=== Your goal ===
Only the lines from the one containing "Engage with thrilling" to the end of the entries should be written out, each exactly as it stands, both ends included.
*** Opening Material provided ***
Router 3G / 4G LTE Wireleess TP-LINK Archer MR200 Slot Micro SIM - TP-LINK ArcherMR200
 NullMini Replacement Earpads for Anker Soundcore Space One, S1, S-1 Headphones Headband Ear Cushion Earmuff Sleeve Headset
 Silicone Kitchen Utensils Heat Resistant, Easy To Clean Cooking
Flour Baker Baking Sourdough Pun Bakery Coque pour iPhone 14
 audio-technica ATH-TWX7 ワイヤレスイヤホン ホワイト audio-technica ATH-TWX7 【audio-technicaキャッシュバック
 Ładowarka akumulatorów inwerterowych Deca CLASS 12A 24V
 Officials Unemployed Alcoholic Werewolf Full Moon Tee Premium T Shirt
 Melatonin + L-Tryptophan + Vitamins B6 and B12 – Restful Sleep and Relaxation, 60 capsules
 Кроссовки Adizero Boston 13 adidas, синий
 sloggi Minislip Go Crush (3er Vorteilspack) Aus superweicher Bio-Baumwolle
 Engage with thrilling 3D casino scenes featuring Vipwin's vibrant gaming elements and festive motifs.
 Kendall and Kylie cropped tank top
*** Closing Material provided ***
=== Written response ===
 Engage with thrilling 3D casino scenes featuring Vipwin's vibrant gaming elements and festive motifs.
 Kendall and Kylie cropped tank top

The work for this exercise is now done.